[Image-text web data]
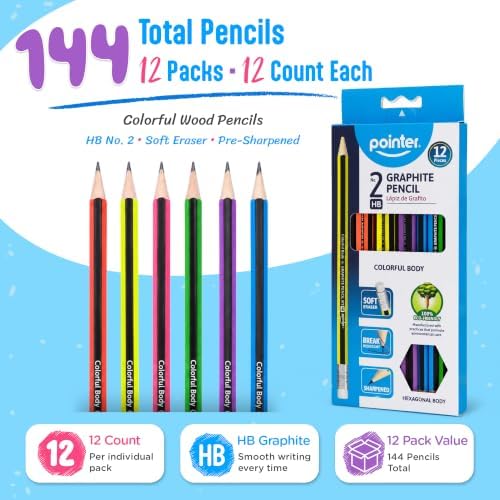 Pointer Classroom Sharpened Pencils - HB Colorful Graphite Wooden 144 Pack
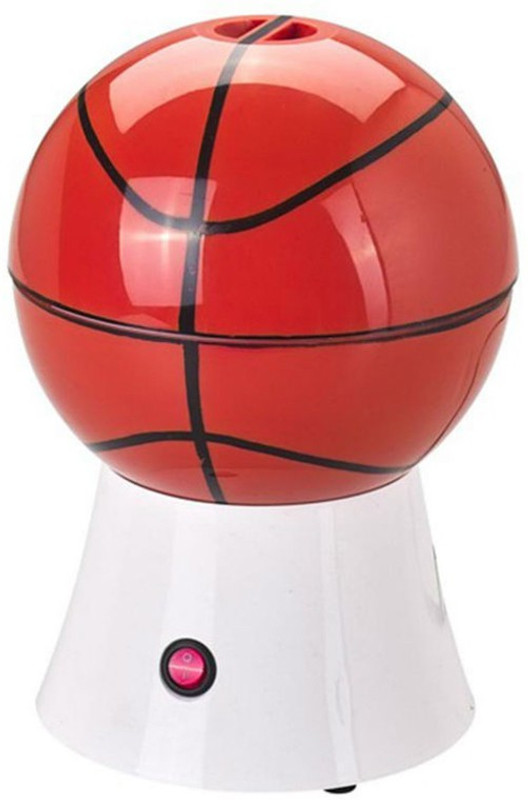 ShopMeFast Basketball Shape Hot Air Popcorn Maker Small Household Popcorn Machine 0.27 L Popcorn Maker(Brown, White)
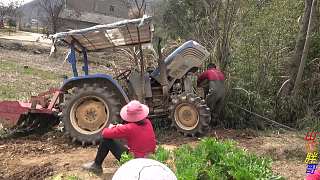 农村大舅花2万买个二手耕田机，没想到第一天就这样了，好险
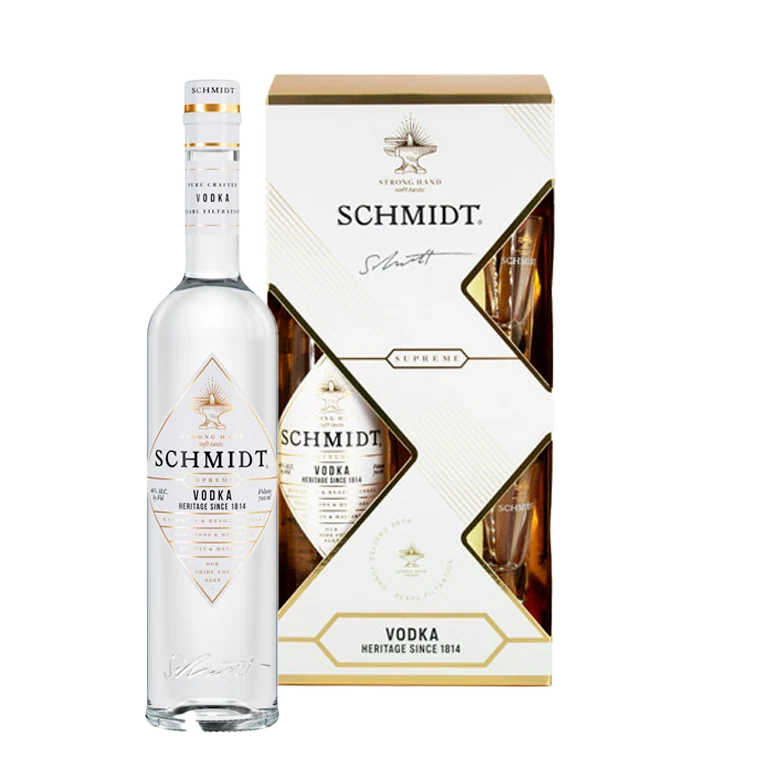 Водка Шмидт Суприм (п/к) + 2 рюмки, 0,7 л — Беларусь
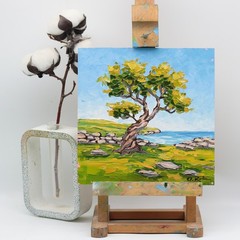 Oil Painting Original Olive Tree Mediterranean Landscape Wall Art Impasto 8×8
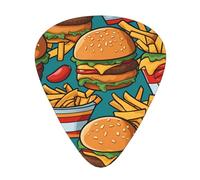 cute burger fries Stylish and durable guitar picks, three types of thin, medium and heavy guitar picks (12 pieces), suitable for guitar, bass, electric guitar, ukulele,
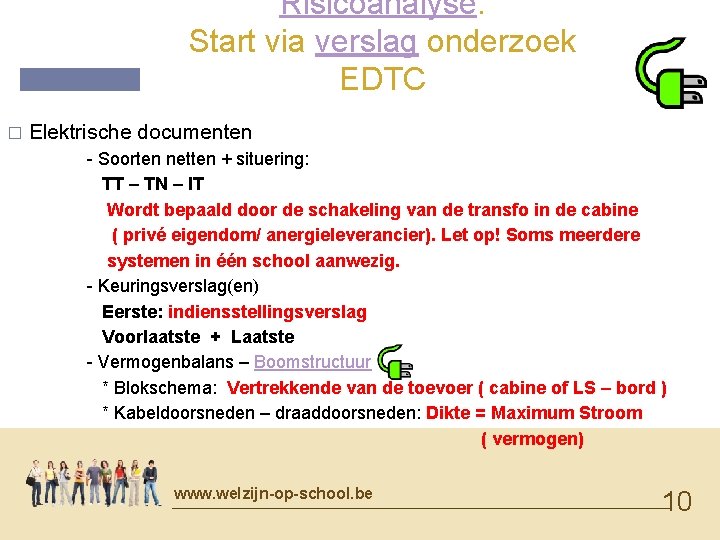 Risicoanalyse: Start via verslag onderzoek EDTC � Elektrische documenten - Soorten netten + situering:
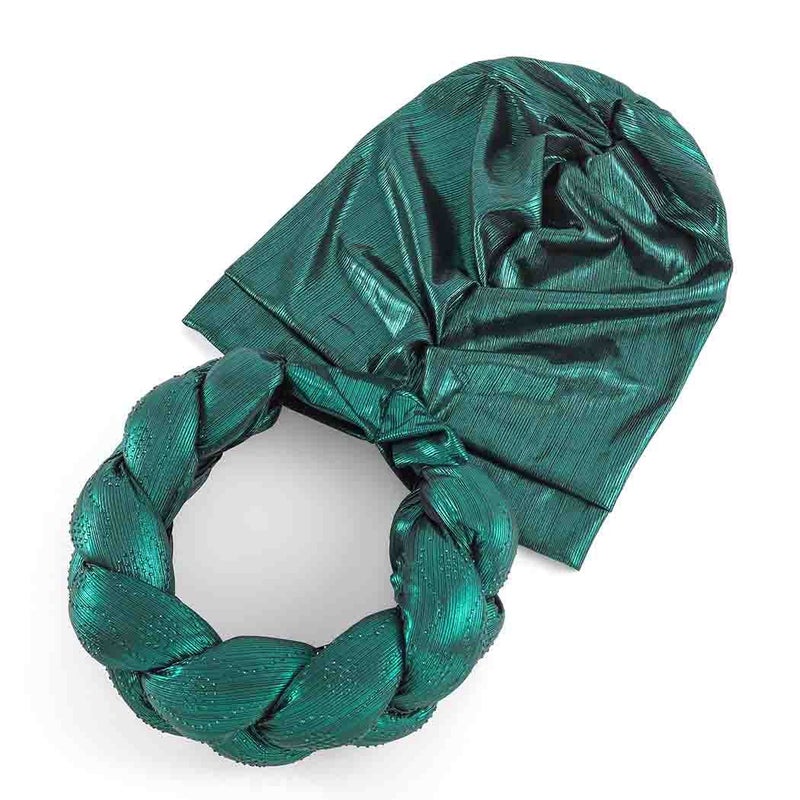 Woeoe African Turban Head Wrap Green Braid Beanie Cap Headwear Crystals Twisted Head Turbans for Women and Girls (Green) - Image 2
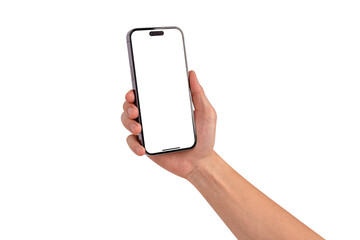Hand showing smartphone with blank screen isolated. Business and Technology concept.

#### [REQUIRED ACTION]
Starting at the line with "农村大舅花2万买个二手耕田机，没想到第一天就这样了，好险" in the entries above, write out every line exactly until the line with "cute burger fries" has been written. Include no pictures and nothing more.

#### [TASK ANSWER]
 农村大舅花2万买个二手耕田机，没想到第一天就这样了，好险
 Водка Шмидт Суприм (п/к) + 2 рюмки, 0,7 л — Беларусь
 Oil Painting Original Olive Tree Mediterranean Landscape Wall Art Impasto 8×8
 cute burger fries Stylish and durable guitar picks, three types of thin, medium and heavy guitar picks (12 pieces), suitable for guitar, bass, electric guitar, ukulele,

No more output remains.